I think you’re being too tough on yourself, Casey. You’ve been the victim of bad luck and circumstance, not bad judgement. I live in an upscale neighborhood that is heavily populated with active-duty and recently retired Navy, and I know several who made it a point to buy a home at every stop and sell when ordered to leave, just as you did. They were simply more fortunate with the housing market and sold into profits, so they are now financially independent.

However, the vagaries of military life still take their toll. One such family settled into what they expected to be their final home here three years ago. He’s a submariner who spends months at a time underwater. One year from retirement, he’s just been ordered to Hawaii or Guam (obviously they’re hoping for Hawaii), so they’re packing up three reluctant teenagers and a houseful of furniture and unhappily putting the home up for sale.
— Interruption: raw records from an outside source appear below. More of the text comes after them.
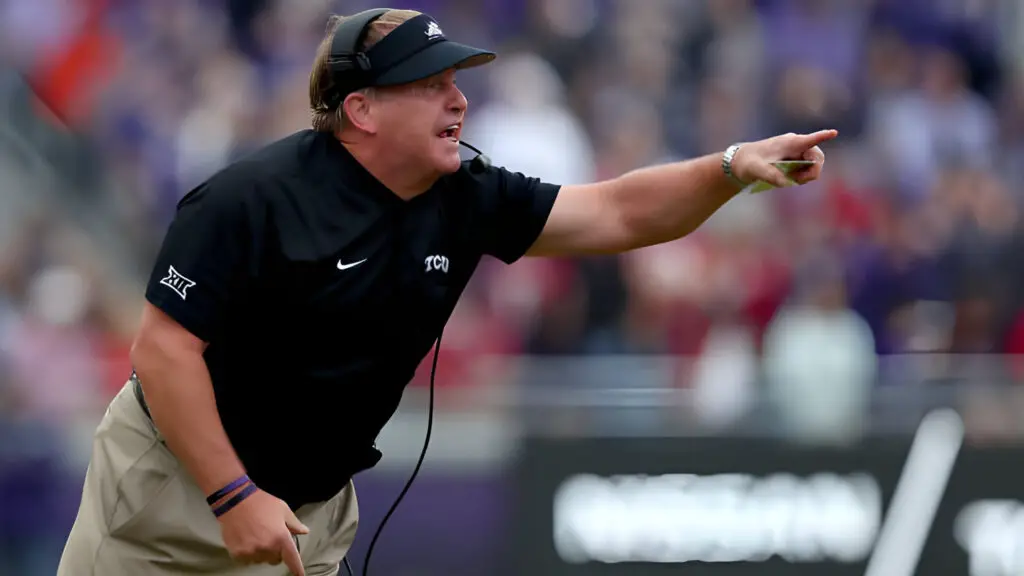 TCU Horned Frogs head coach Gary Patterson points to his team against the Oklahoma Sooners in the first half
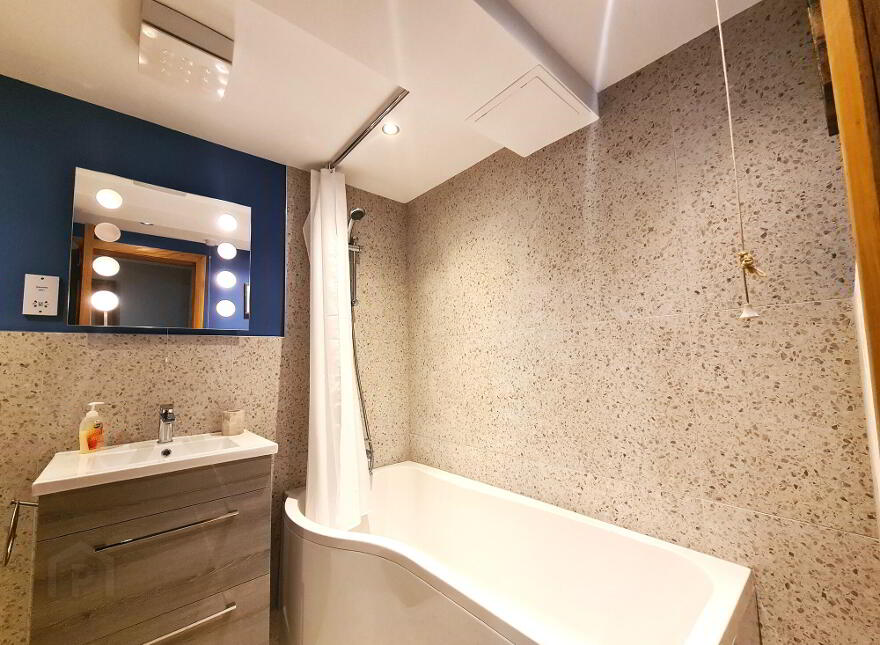 Holiday Let, 8 Peninsula Apartments, Portrush, BT56 8AB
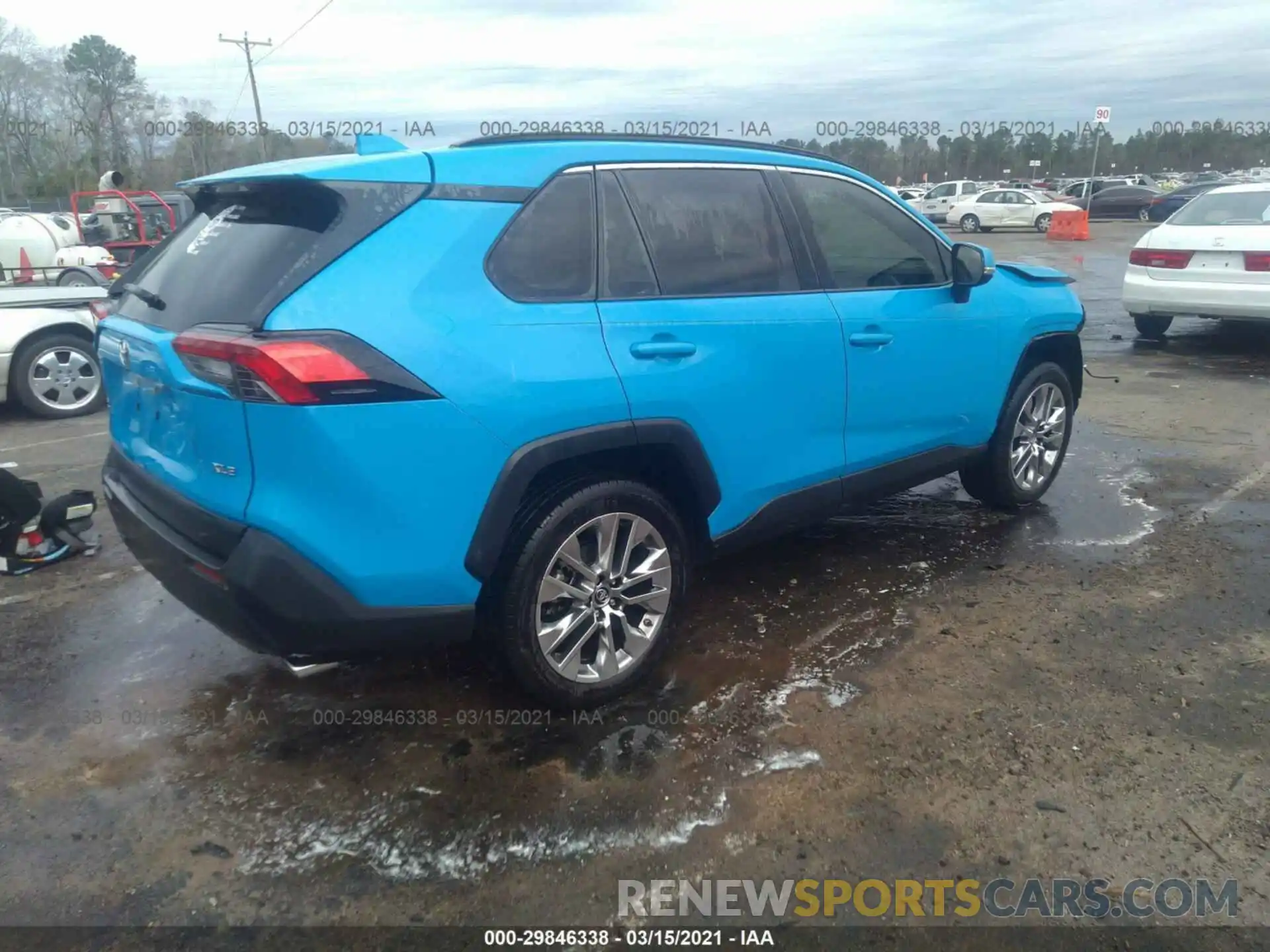 4 Photograph of a damaged car JTMC1RFV0KD011402 TOYOTA RAV4 2019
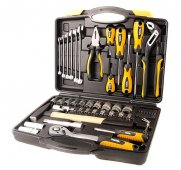 На фото Набор инструментов и насадок торцевых Mastertool 1/4", 1/2" 56 шт CrV в кейсе (78-5156)
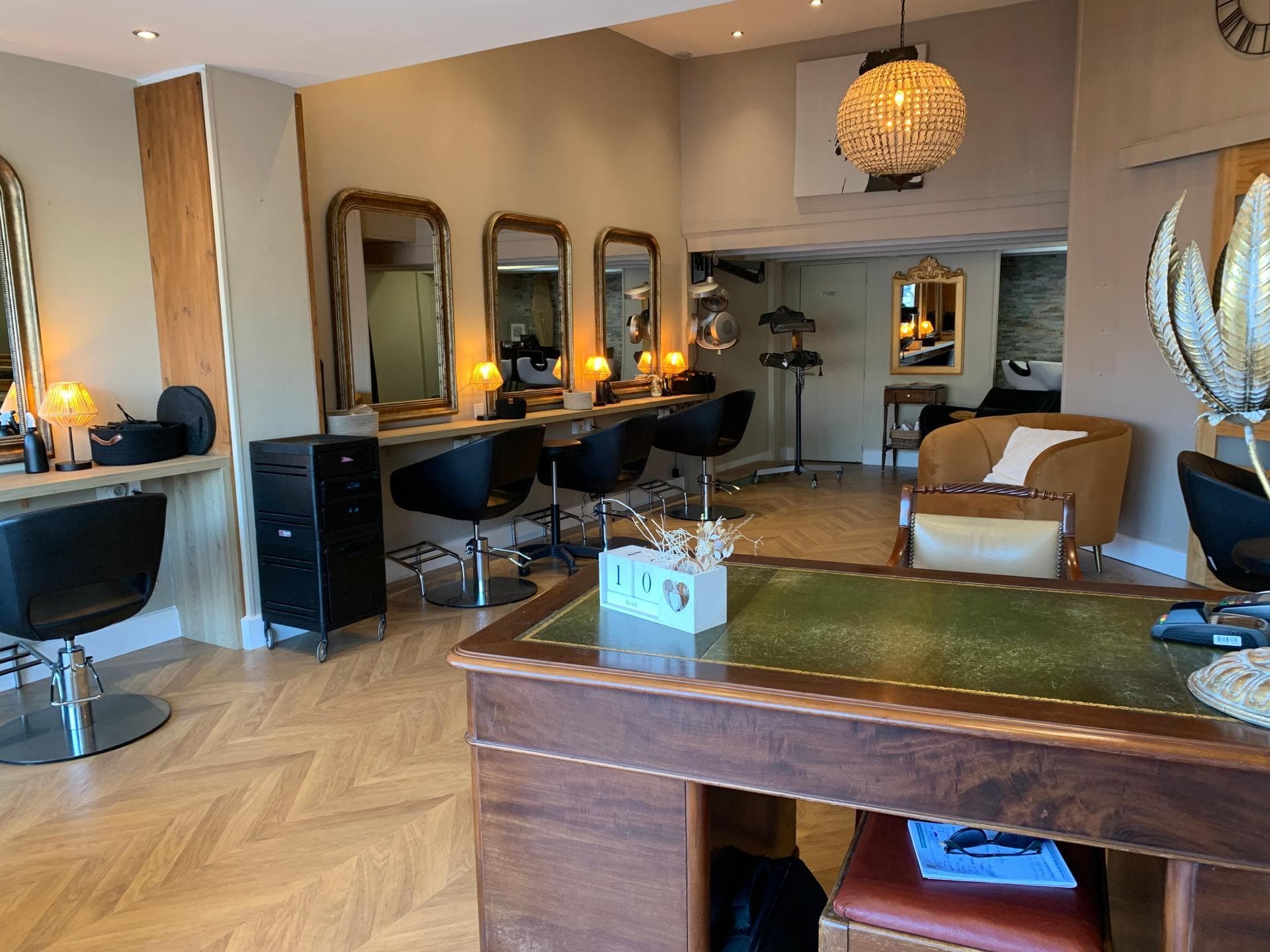 Salon de coiffure clé en main, affaire rentable. — photo 2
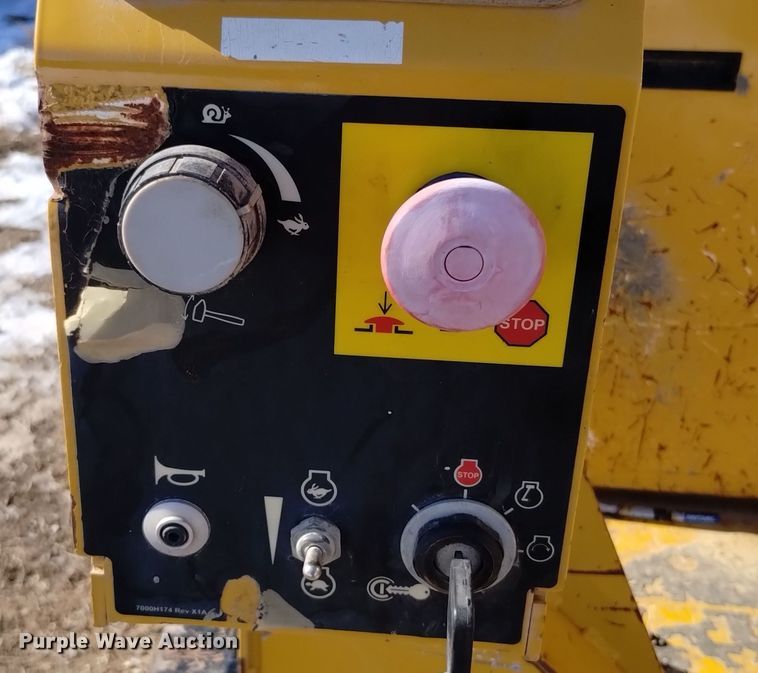 image for item DV6650 2019 Vermeer  PD10R pile driver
As you know all too well, it comes with the job.

Chuck BV
1 year ago

Agreed with a previous commenter who pointed out that you will have inflation-adjusted income in retirement in addition to Social Security, which is sadly atypical these days (although as a civilian Fed, I too have that advantage). On a side note to the mortgage question–I would tend to say that parents thinking about their kids’ future college (like you a few years back) should fully fund a Roth IRA before a 529. Rules change, but it helps to play with the numbers in the FAFSA years before you have to. As someone approaching traditional retirement (near SSA FRA) in a single-income family with one kid going into college and most of our assets in equity or retirement accounts, I am very grateful that I never put money into a 529. If you do so, you are basically saying to your kids’ future college “this is a pledge to you; this money is yours”. If it is in retirement accounts or home equity, they essentially can’t touch it. The calculations would be different for a two-income top-quintile power couple (or a couple who will be their when their kids go to school), particularly if they will be empty-nesters by their mid-50s. For that couple, the 529 probably makes a lot more sense. At least that is my current perception.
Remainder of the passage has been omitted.